Temos o calendário que nos ensina a contar os nossos anos de vida, mas temos contado esses anos com sabedoria? Como temos dispendido o nosso tempo? Que sonhos temos perseguido?
Temos partido na busca de acumular, de pensar só em nós, em nossos sonhos, atender as nossas necessidades sem considerar o quanto isto pesa sobre a vida dos outros? Como temos tratado as riquezas e oportunidades que Deus tem colocado e disponibilizadas a nós? Tratamos com avareza ou desprezo e não administramos com zelo?
Jesus afirmou o seguinte em uma de suas estórias: “Então, lhes recomendou: Tende cuidado e guardai-vos de toda e qualquer avareza; porque a vida de um homem não consiste na abundância dos bens que ele possui. E lhes proferiu ainda uma parábola, dizendo: O campo de um homem rico produziu com abundância. E arrazoava consigo mesmo, dizendo: Que farei, pois não tenho onde recolher os meus frutos? E disse: Farei isto: destruirei os meus celeiros, reconstruí-los-ei maiores e aí recolherei todo o meu produto e todos os meus bens. Então, direi à minha alma: tens em depósito muitos bens para muitos anos; descansa, come, bebe e regala-te.Mas Deus lhe disse: Louco, esta noite te pedirão a tua alma; e o que tens preparado, para quem será? Assim é o que entesoura para si mesmo e não é rico para com Deus. ” (Lucas 12:15-21, BEARA)
Por isso, um novo ano que começa é momento de repensarmos nossas atitudes. É momento de meditarmos onde temos colocado os nossos esforços, e como temos traduzido as nossas motivações em atos. Temos sido avarentos ao ponto de não repartimos e ajudarmos quem necessita? Temos ajudado com o que sobra? Temos agido de fato com avareza, ou temos sido negligentes com o que Deus tem colocado em nossas mãos? Como temos administrado? Como temos gasto os nossos recurso? O nosso tempo?
É momento de fazer um balanço, é momento de refletir. Sentar e avaliar o que de útil e inútil temos feito. Gastamos o nosso tempo com futilidades? Nos preocupamos com a beleza exterior? Gastamos o recurso somente em nós mesmos e não somos capazes de dividir, repartir com quem necessita, e achamos que dar “esmolas” é suficiente? E quando fazemos, fazemos com “dor” de ter que dar.
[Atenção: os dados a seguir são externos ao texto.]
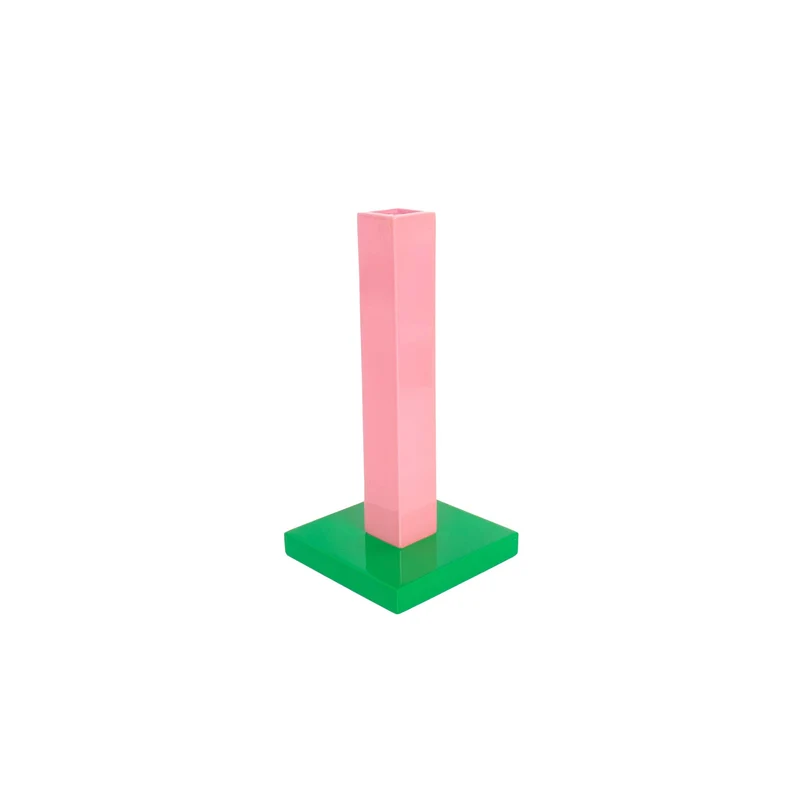 Soliflore SKYLINE - rose & vert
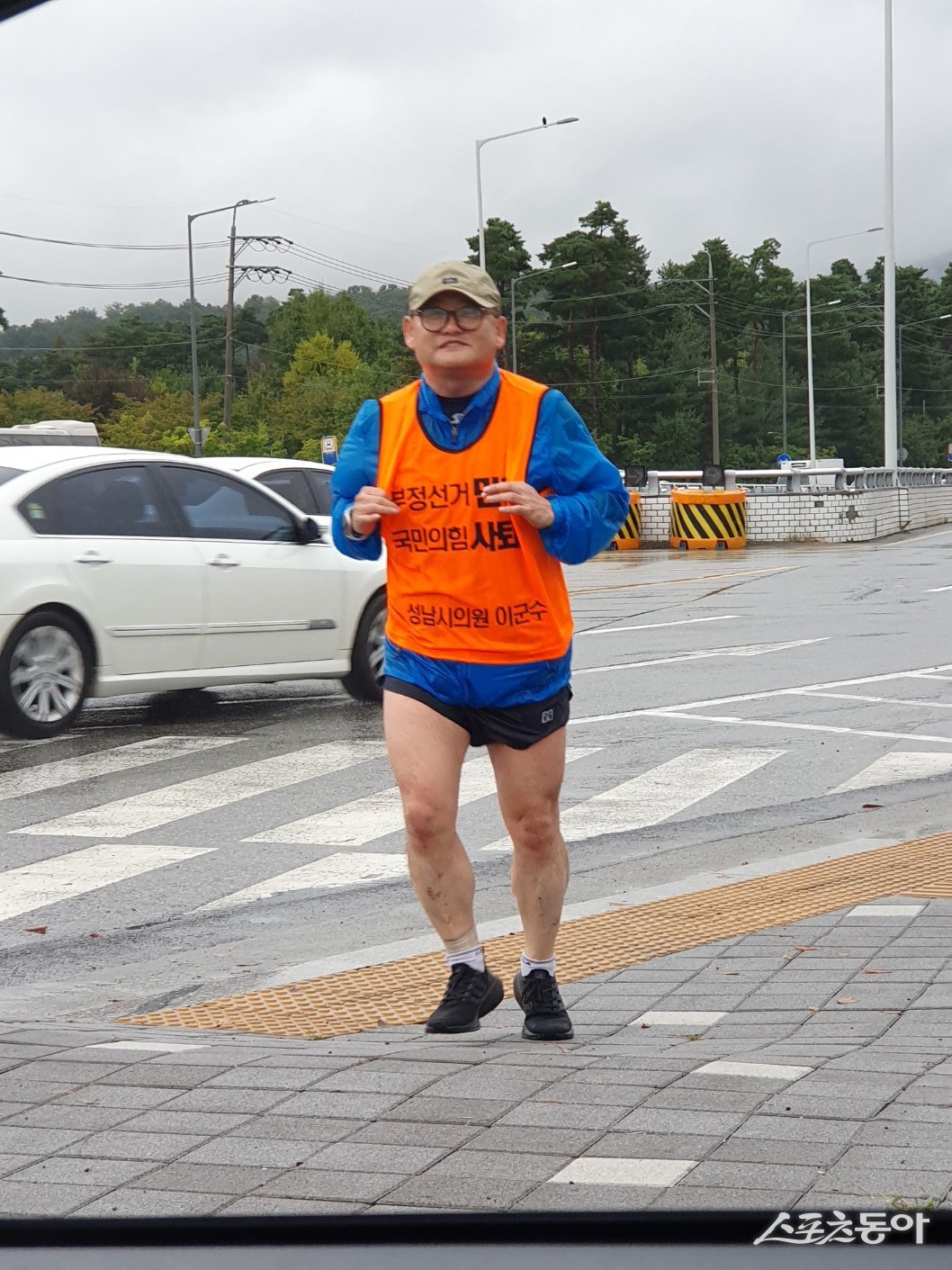 성남시의회 더불어민주당 이군수 의원. 사진제공ㅣ성남시의회 민주당 협의회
Onde está o nosso coração?
Ou temos tratado como “lixo” as pérolas que Deus nos disponibiliza? Nos concede oportunidades, seja de trabalho, de formação, de estudo e lançamos tudo fora como se fosse algo sem valor? Será que o que Deus permitiu é para ser jogado fora?
Os recursos, as oportunidades, o que nos é colocado em nossas mãos não é para ser tratado com leviandade, como algo sem valor. Deus não permite as coisas para serem desperdiçadas, e nem coloca e permite a riqueza, oportunidades em nossas vidas, para gastarmos conosco.
Precisamos entender o que seja manter o coração nas coisas do alto e o que seja administrar de forma eficiente as coisas temporárias que ele coloca em nossas mãos, como Jesus falou: “Não acumuleis para vós outros tesouros sobre a terra, onde a traça e a ferrugem corroem e onde ladrões escavam e roubam; mas ajuntai para vós outros tesouros no céu, onde traça nem ferrugem corrói, e onde ladrões não escavam, nem roubam; porque, onde está o teu tesouro, aí estará também o teu coração. ” (Mateus 6:19-21).
Contar os dias para alcançarmos corações sábios é pararmos, refletirmos sobre o que Deus tem nos concedido, o que temos feito, quais os nossos sonhos com relação ao que é eterno. É o momento de pararmos e renovarmos o compromisso que já firmamos com Deus quanto ao seu reino, sua glória e o louvor do seu nome.